Of course, we could say the same about the use of wrap-around when computing the number of combinations for rows, columns and the diagonals. However, by convention, these extra combinations are not counted.

[1] R. Rosser and R.J Walker, The Algebraic Theory of Diabolic Magic Squares, Duke Mathematical Journal, Vol. 5, No, 4, Dec. 1939 pp 705-728 (p.717)

Addendum-1

On June 28/99, I received an e-mail from Aale de Winkel advising me that he thought  non-symmetric pattern 1, above, was actually equivalent to the wrap-around 2 by 2 rhombic, and patterns 2 and 8 were equivalent to the wrap-around 2 by 2 square.

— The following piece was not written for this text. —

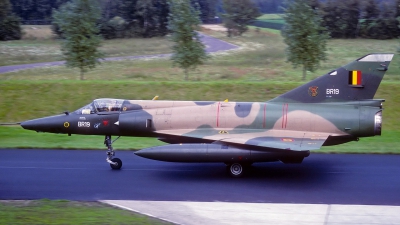 Photo ID 70884 by Eric Tammer. Belgium Air Force Dassault Mirage 5BR, BR19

Subsequent investigation on my part confirmed these equivalents, and also that four of  the other five patterns are also equivalent to symmetric patterns already counted.
1. is equivalent to wrap-around 2 by 2 rhombic ( now called plusmagic --- see Quadrant Magic Squares)
2. is equivalent to wrap-around 2 by 2 square ( now called crosmagic)
3. is equivalent to wrap-around 3 by 3 rhombic corners.
4. is equivalent to wrap-around 5 by 5 square corners.
5. is just a reflected 4. (another goof!).
6. is unique, so add 100 combinations to the total.
7.
is equivalent to wrap-around 5 by 5 square corners.
8. is equivalent to wrap-around 2 by 2 square

The three diagrams below demonstrate the equivalence of  the 2 x 2 rhombic (plusmagic) and non-symmetric pattern 1.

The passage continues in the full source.